Phase 3: Polish & Edge Cases (2-3 days)

  • Add versioning and ABI notes.
  • Checkpoint: API docs complete.

5.11 Key Implementation Decisions

| Decision | Options | Recommendation | Rationale | |———-|———|—————-|———–| | Build tool | Make, CMake | Make | Transparent and educational | | API exposure | structs vs opaque | opaque | ABI stability |


6. Testing Strategy

6.1 Test Categories

| Category | Purpose | Examples | |———|———|———-| | Unit tests | Module-level correctness | module_a tests | | Integration tests | Full app behavior | end-to-end run | | Edge case tests | Build failures | missing header |

6.2 Critical Test Cases

  1. Ensure headers compile independently.
  2. Verify no duplicate symbols in nm output.
  3. Build debug and release targets.

6.3 Test Data

Expected output: "module system ok"

7. Common Pitfalls & Debugging

7.1 Frequent Mistakes

| Pitfall | Symptom | Solution | |——–|———|———-| | Defining globals in headers | Link errors | Use extern declarations | | Missing include guards | Redefinition errors | Add guards | | ABI break without version bump | Runtime crashes | Version carefully |

7.2 Debugging Strategies

  • Use nm to inspect symbol visibility.
  • Use objdump -t to see symbol tables.

7.3 Performance Traps

Over-modularization can add function call overhead; profile if needed.


8. Extensions & Challenges

8.1 Beginner Extensions

  • Add a CLI interface for module selection.
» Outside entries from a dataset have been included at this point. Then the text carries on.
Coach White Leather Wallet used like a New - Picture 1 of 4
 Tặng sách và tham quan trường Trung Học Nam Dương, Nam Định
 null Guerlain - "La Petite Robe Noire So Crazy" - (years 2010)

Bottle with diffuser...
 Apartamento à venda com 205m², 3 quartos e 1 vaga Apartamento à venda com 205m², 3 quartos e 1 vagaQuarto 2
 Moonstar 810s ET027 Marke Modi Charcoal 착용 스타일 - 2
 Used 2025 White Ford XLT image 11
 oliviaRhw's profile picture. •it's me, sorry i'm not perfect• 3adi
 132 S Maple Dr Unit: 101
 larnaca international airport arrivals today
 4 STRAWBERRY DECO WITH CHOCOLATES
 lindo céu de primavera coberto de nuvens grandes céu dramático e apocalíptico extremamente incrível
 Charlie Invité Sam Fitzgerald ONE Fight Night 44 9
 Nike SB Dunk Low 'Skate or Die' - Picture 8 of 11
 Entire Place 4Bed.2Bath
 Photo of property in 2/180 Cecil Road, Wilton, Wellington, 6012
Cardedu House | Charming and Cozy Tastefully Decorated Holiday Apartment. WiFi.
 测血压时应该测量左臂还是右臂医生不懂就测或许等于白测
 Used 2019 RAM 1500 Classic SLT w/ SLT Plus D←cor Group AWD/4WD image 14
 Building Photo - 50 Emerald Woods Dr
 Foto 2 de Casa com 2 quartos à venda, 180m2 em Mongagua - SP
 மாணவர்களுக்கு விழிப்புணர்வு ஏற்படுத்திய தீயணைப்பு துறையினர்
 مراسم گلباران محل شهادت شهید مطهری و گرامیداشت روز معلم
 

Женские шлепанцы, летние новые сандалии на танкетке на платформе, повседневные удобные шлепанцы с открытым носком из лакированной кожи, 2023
8.2 Intermediate Extensions

  • Build shared and static library variants.

8.3 Advanced Extensions

  • Add symbol versioning for ABI compatibility.

9. Real-World Connections

9.1 Industry Applications

  • Large-scale C codebases in OS and embedded systems.
  • SDKs distributed as binary libraries.
  • OpenSSL modular layout.
  • SQLite build system.

9.3 Interview Relevance

  • Linkage and build questions are common in systems interviews.

10. Resources

10.1 Essential Reading

  • “Linkers and Loaders” — Levine
  • GNU Make manual

10.2 Video Resources

  • Build systems and linker talks

10.3 Tools & Documentation

  • nm, objdump, readelf

11. Self-Assessment Checklist

11.1 Understanding

  • I can explain translation units and linkage.
  • I can describe how build dependencies work.
  • I can define API vs ABI stability.

11.2 Implementation

  • Modules compile and link cleanly.
  • Build system handles changes correctly.
  • Public APIs are documented.

11.3 Growth

  • I can design modular C systems confidently.
  • I can evolve APIs without breaking ABI.

12. Submission / Completion Criteria

Minimum Viable Completion:

  • Multi-module project with clean headers.
  • Build system with dependency tracking.
  • API documentation.

Full Completion:

  • All minimum criteria plus:
  • Debug/release builds and ABI notes.

Excellence (Going Above & Beyond):

  • Shared library versioning and ABI tests.